このMHEVは、モーターの存在を感じさせない。その乗り味はただただスムーズなのだが、それはシャシーも含めた全体に言えることで、電動化や近未来感を強く意識するというよりは、上級パワーユニットとしてのラグジュアリー感が特徴だと言える。
だがその出足に意識を集中させると、確かに低速でターボが聞き始める前に、極めてスムーズな発進加速が得られていると気づく。そして時速17km/h以下になると、エンジンを停止させる。このときモーターは、回生を行っているようだ。
機構的には48VのバッテリーとBISG(ベルト・インテグレーテッド・スターター・ジェネレーター)、そしてコンバーターでシステムを構築。残念ながら現在は燃料消費率を申請中で、燃費性能に関しては先代モデルを上回るということしかわからなかった。
P300で特筆できたのは、レンジローバーと呼ぶに相応しい操作感だった。
現代感覚で洗練されたSUVデザインを持ちながらも、その動きにはクロスカントリーを感じさせる温厚さがあり、なおかつ乗り心地にはトゲがない。
初期操舵における反応は21インチの大径タイヤを履きながらもおっとりとしていて、今風なハンドリングゲインは立ち上がらない。サスペンションはフワフワというよりも腰があるしなやかさが英国的。単なる乗り心地の良さではなく、ランドローバーテイストを味わうことができる。
またモードを「ダイナミック」へと変更してもややダンパーの伸びが規制される程度で、むしろ「リアシートの横揺れ感が収まって快適」だと、当日移動を共にしたスタッフからは好評であった。
そんな温厚な第一印象だった300Pだが、ダイナミックモードを選ぶと元気があふれ出して来る。
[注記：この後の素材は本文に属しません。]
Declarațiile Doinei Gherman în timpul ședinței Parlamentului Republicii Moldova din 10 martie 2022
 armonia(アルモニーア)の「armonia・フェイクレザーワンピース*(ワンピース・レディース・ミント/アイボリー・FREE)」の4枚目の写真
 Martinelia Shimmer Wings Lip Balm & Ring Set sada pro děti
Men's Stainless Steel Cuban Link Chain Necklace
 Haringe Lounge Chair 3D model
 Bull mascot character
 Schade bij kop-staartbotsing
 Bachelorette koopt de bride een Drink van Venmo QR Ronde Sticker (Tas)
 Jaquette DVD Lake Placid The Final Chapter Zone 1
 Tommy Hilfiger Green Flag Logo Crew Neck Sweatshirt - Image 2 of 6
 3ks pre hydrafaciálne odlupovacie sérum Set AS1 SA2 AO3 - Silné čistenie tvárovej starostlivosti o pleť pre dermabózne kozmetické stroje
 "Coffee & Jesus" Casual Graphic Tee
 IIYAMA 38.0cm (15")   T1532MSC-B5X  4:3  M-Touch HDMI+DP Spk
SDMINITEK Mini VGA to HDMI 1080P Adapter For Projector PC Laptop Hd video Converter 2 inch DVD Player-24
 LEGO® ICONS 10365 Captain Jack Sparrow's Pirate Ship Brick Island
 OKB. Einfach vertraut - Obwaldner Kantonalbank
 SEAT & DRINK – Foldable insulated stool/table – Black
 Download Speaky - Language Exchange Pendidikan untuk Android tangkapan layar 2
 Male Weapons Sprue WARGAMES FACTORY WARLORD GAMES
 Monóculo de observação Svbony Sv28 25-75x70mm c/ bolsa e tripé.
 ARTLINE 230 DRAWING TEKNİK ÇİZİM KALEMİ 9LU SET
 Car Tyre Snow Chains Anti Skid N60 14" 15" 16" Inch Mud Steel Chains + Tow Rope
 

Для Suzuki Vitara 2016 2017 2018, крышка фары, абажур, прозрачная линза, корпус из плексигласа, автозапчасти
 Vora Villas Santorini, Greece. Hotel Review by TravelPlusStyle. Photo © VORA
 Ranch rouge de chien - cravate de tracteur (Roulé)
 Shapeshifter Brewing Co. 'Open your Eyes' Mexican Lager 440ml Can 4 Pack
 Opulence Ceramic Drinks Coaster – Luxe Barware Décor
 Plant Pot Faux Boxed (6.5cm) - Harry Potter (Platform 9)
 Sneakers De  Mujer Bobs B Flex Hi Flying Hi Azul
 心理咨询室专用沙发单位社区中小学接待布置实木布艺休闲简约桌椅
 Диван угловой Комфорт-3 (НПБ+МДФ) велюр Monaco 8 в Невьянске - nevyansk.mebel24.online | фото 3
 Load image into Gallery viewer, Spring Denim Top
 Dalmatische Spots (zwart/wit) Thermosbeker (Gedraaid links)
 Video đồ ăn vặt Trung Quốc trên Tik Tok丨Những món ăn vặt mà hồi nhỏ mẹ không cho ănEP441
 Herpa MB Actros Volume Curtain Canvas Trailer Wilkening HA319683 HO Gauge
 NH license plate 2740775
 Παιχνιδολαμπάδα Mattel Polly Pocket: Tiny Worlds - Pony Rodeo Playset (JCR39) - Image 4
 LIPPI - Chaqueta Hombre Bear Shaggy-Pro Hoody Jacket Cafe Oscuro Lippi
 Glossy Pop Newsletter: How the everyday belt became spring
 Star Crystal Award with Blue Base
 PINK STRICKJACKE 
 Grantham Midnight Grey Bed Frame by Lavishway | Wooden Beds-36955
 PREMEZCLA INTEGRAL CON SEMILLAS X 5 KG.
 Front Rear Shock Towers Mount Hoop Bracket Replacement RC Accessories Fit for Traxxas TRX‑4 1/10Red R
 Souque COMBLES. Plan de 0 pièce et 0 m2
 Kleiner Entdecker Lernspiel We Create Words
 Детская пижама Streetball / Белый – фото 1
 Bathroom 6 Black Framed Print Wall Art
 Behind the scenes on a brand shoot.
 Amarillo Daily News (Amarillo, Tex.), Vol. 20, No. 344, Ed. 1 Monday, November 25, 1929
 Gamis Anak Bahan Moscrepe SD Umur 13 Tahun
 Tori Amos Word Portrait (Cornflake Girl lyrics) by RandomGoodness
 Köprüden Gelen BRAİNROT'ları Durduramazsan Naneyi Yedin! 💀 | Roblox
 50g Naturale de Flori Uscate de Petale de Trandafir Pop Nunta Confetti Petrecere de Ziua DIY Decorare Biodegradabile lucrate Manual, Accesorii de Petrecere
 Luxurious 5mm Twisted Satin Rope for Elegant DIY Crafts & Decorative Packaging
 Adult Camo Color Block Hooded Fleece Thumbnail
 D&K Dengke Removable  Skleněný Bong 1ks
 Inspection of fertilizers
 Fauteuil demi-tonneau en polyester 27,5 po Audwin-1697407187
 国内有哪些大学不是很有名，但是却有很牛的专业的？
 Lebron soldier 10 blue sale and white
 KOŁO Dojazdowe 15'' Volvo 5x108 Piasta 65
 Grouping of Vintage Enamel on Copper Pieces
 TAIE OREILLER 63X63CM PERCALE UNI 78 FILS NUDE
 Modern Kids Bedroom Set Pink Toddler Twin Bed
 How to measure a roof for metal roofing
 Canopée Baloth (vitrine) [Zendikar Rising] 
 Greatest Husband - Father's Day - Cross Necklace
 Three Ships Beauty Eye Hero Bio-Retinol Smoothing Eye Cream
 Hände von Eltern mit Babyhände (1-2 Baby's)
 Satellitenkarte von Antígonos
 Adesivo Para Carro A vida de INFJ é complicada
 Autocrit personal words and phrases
アクセルの踏み込み量に対して予想以上に加速するのは、ターボの過給圧が上がった以上にモーターのトルクが効いているせいだろうか。
加速感の印象はランドローバーというよりもジャガーライク。ここに先代と通じる若々しさを表現しているようだが、上級仕様ということも含めパワーの出し方はもう少し洗練されてもよいと思えた。
2リッターのガソリンモデルは、「P250」(249PS/365Nm)の「First Edition」。
P300と比べてわかったのは、より操舵レスポンスがリニアになっていることだった。これは即ちマイルドハイブリッドを搭載しない分だけの軽さだが、お互いのキャラクターとしてもうまく棲み分けている。ちなみにその車重は1840kgで、P300に比べ110kgほど軽い。
動力性能的にもよりガソリンエンジン感が自然だ。出足のトルク感こそ300Pに一歩譲るけれど、カラッと吹け上がるターボの過給は素直に心地良い。そしてここに9速ATのピックアップが加わり、よりスポーティに走ることができた。
レンジローバーのたおやかさを求めるならP300。値段的な買いやすさも含めて、より本来のイヴォーク感を楽しみたいならばP250がお勧めだ。